-- RECORDS SUPPLIED --

┏━━

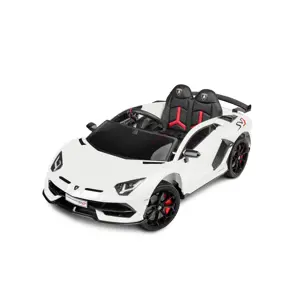 Toyz Elektrické autíčko Lamborghini bílá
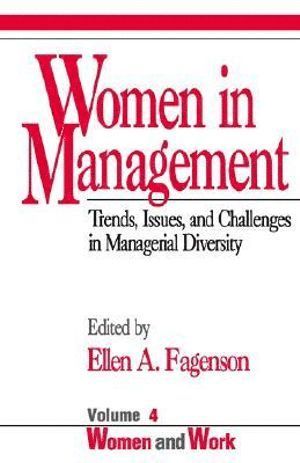 bokomslag Women in Management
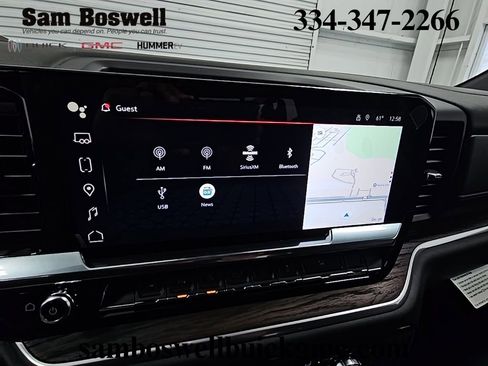 New 2026 GMC Sierra 1500 SLT w/ SLT Premium Plus Package AWD/4WD image 16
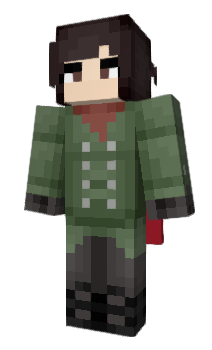Minecraft скин по нику Abigail13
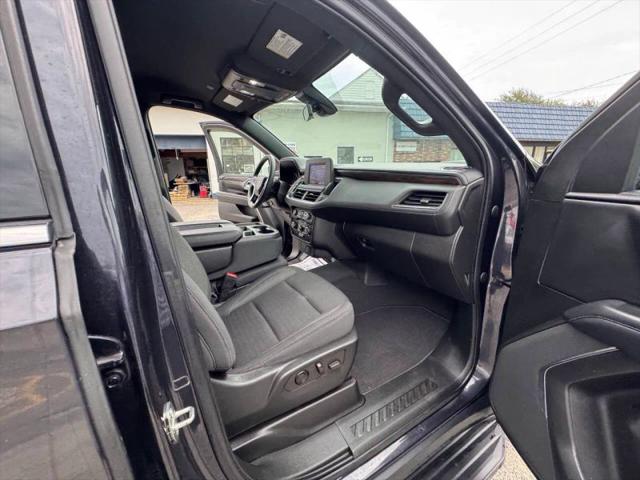 2022 Chevrolet Tahoe 4WD Commercial Fleet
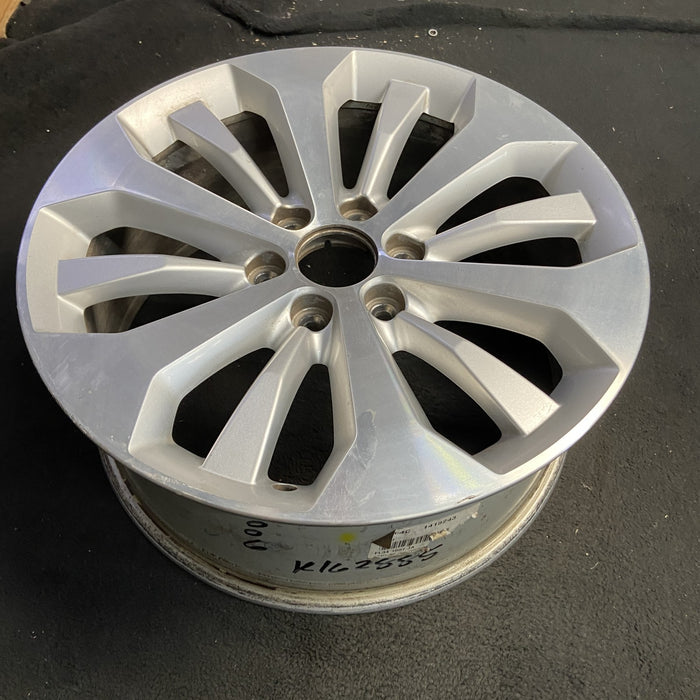 20" FORD F150 PICKUP 15-16 20x8.5, 12 spoke, , silver pockets Original OEM - View 7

┗━━

-- EXERCISE DESCRIPTION --
Could you please repeat the entries above exactly, with every picture left out?

-- RESPONSE AREA --
 Toyz Elektrické autíčko Lamborghini bílá
 bokomslag Women in Management
 New 2026 GMC Sierra 1500 SLT w/ SLT Premium Plus Package AWD/4WD image 16
Minecraft скин по нику Abigail13
 2022 Chevrolet Tahoe 4WD Commercial Fleet
 20" FORD F150 PICKUP 15-16 20x8.5, 12 spoke, , silver pockets Original OEM - View 7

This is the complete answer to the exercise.